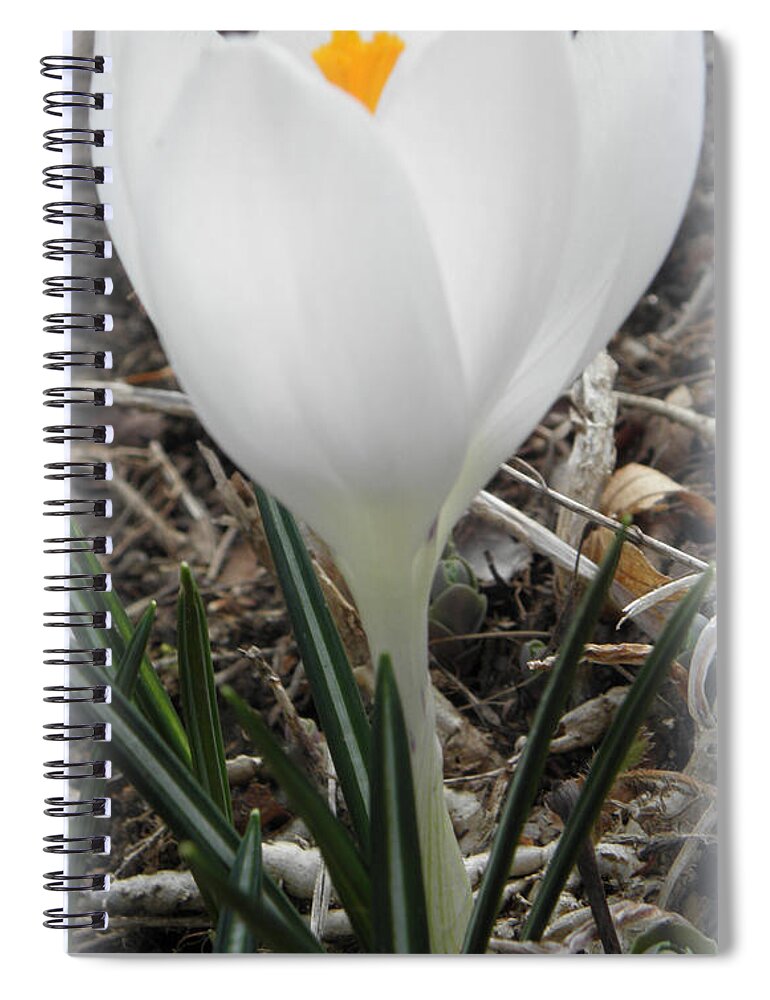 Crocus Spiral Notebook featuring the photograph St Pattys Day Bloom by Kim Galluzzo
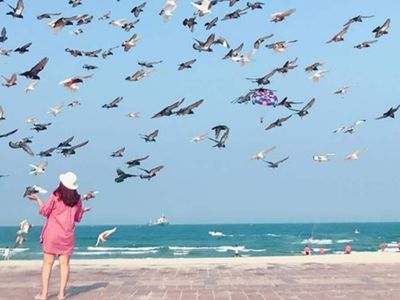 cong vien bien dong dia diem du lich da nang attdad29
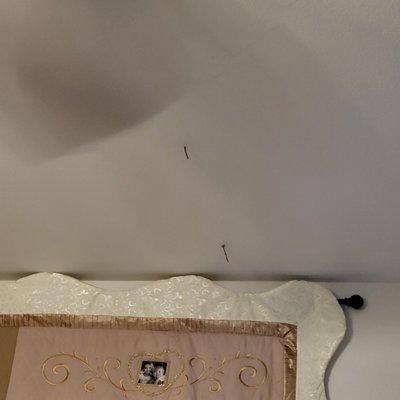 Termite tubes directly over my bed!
++++++++++++++++++++
Task to carry out: Could you copy the listing above exactly, without its pictures?

Solution:
 Crocus Spiral Notebook featuring the photograph St Pattys Day Bloom by Kim Galluzzo
 cong vien bien dong dia diem du lich da nang attdad29
 Termite tubes directly over my bed!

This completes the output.